En effet lors de ces Européennes le PS va probablement prendre en comparaison les résultats de 2009, hors que voit-on ? Que le PS a fait un score misérable (16,48%), l'un des plus faibles de son histoire. Il n'y a pas beaucoup de chance que le PS fasse moins, il risque même d'atteindre un score autour des 18/20% ce qui serait un score "correct" pour ces élections, en effet le PS y a toujours réalisé un score autour des 20% (cas à part en 94 avec Rocard et ses 14% et 2004 où le PS fait 28%).

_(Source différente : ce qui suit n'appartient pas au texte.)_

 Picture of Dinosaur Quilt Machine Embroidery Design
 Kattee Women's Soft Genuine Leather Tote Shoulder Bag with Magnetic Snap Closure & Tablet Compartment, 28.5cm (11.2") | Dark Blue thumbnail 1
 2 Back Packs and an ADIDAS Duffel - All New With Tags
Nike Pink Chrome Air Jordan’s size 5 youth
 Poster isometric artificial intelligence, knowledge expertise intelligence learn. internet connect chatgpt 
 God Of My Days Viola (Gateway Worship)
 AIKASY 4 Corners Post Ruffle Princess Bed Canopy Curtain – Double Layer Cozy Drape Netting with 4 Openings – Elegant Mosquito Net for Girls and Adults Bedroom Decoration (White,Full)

Au contraire le parti qui a le plus à perdre à gauche est EELV qui avait réunit 16,28% en 2009, il y a fort à parier qu'il ne fera même pas un score à deux chiffres pour ces élections-ci, le FG lui va probablement améliorer son score, mais ça risque malheureusement d'être à la marge. En soi le meilleur scénario possible pour le PS serait un bon 20% des suffrages et aucun autre parti à gauche avec un score au-dessus de 10%, le PS se posera alors en "leader" de fait de la gauche. Le PS pourra aussi jouer avec le score de l'UMP, ce dernier avait atteint en 2009, après deux ans de pouvoir sarkozien, 28%, faire un score inférieur en 2014 alors qu'il est censé être dans l'opposition risque bien d'être relevé par les pontes solfériniens.

3°/ Le FN va tout ravager sur son passage.

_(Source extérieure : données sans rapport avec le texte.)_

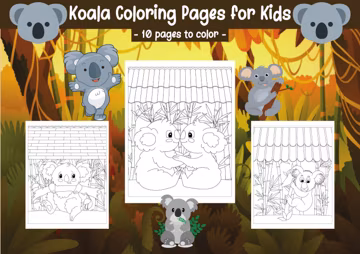 Cute Koala Coloring Book - 10 Printable Pages (Digital Download)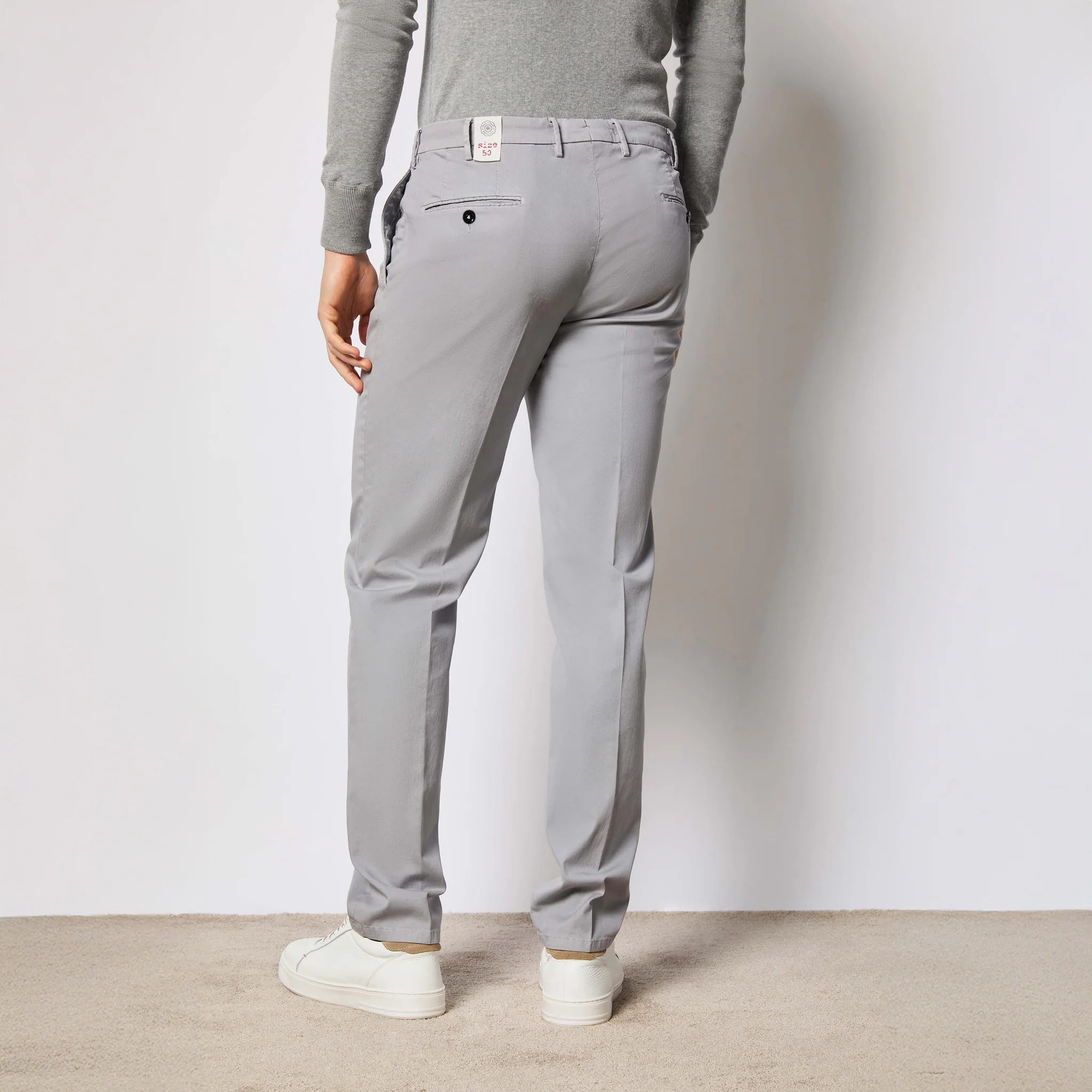 Gray Garment-Dyed Cotton-Stretch Modern Fit Elton Dress Pant - L.B.M. 1911 - Image 3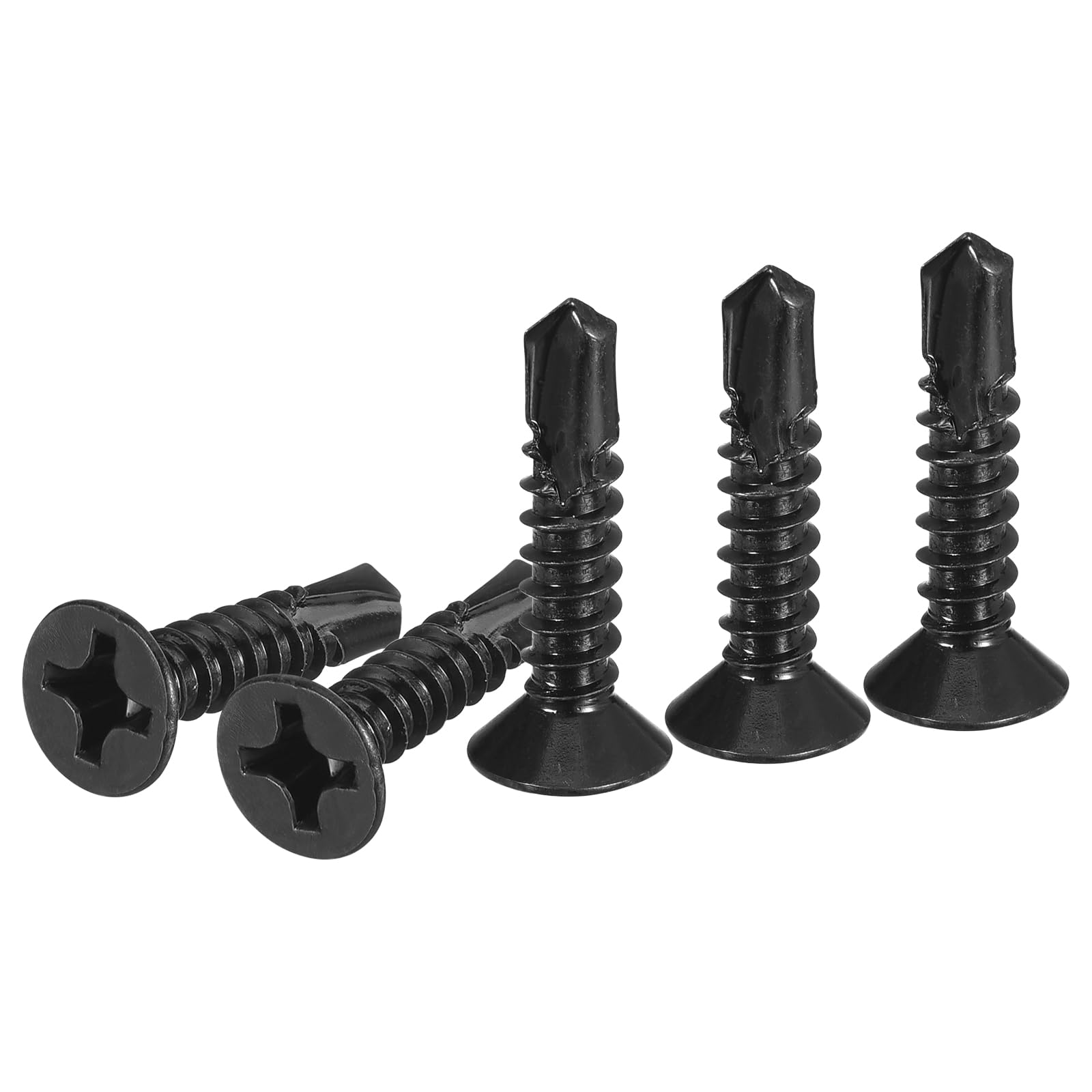 DTGN 100Pcs ST5.5x25mm Self Drilling Screws, 410 Stainless Steel Flat Head Phillips Sheet Metal Screw - Good for Wood to Metal, Furniture - Black — image 1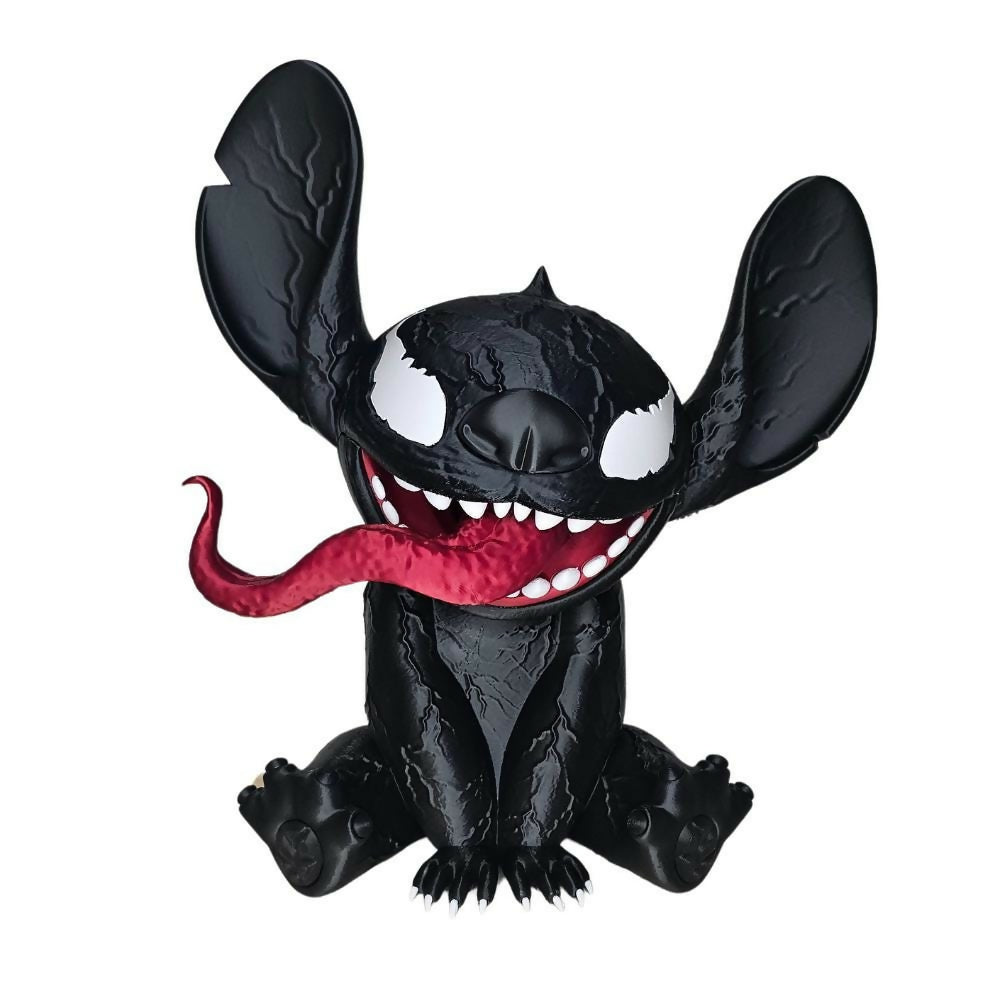 Venom Style Stitch - Experiment 626 – 3D Printed Decorative Mashup Figure for Display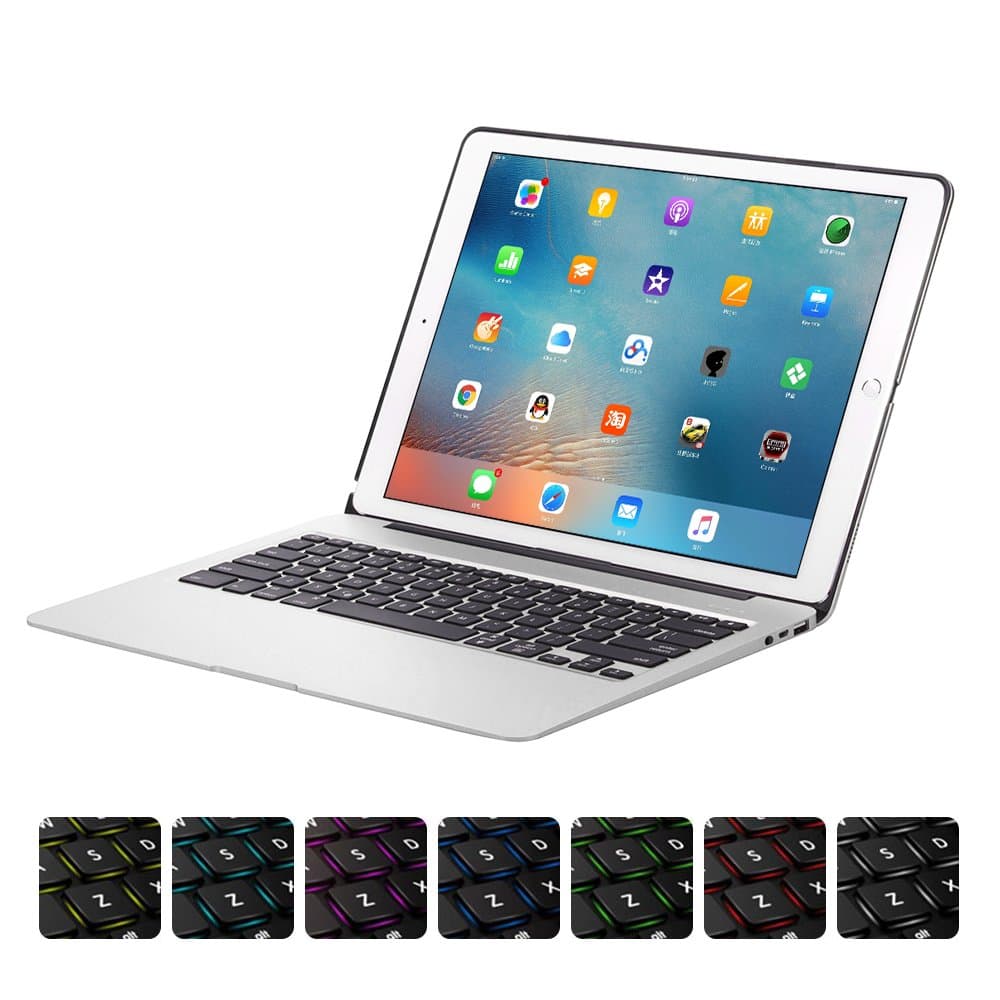 XFUNY iPad Keyboard Case for iPad Pro 12.9 Wireless Bluetooth 7 Colors LED Backlit iPad Keyboard with Aluminium Alloy Protective Case Cover Support Auto Wake/Sleep For iPad Pro 12.9 (Silver)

C'est ce qui nous est répété en boucle depuis un certain temps, sondages à l'appui, mais les analyses des scores aux Européennes précédentes ne vont pas vraiment dans ce sens, notamment parce que ce sont les plus européistes qui votent à ces élections mais aussi parce que l'abstention massive désavantage, plus qu'il n'avantage, le Front National. Bien sûr, il est possible que le FN réussisse à mobiliser son électorat, même la moitié de ses électeurs de la présidentielle de 2012 (6,5 M) serait suffisant pour réaliser un joli score si l'abstention est de 50% ou plus.

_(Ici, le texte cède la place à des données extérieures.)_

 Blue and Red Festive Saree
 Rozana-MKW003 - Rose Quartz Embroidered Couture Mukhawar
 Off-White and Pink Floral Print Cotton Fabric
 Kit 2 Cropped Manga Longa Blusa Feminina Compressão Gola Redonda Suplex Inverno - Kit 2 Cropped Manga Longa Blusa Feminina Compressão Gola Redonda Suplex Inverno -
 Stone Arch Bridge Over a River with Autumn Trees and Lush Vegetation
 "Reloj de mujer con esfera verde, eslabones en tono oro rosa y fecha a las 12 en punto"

Bref en conclusion ces élections vont probablement voir naître une abstention gigantesque, où tout le monde se comptera et cherchera à s'imposer comme le "succès" de ces élections, les médias en feront des tonnes sur la non-participation et le score du FN, le FG tentera probablement de faire passer son score décevant en réussite et le marigot centriste en profitera pour encenser "L'Europe"... On n'est pas sorti de l'auberge !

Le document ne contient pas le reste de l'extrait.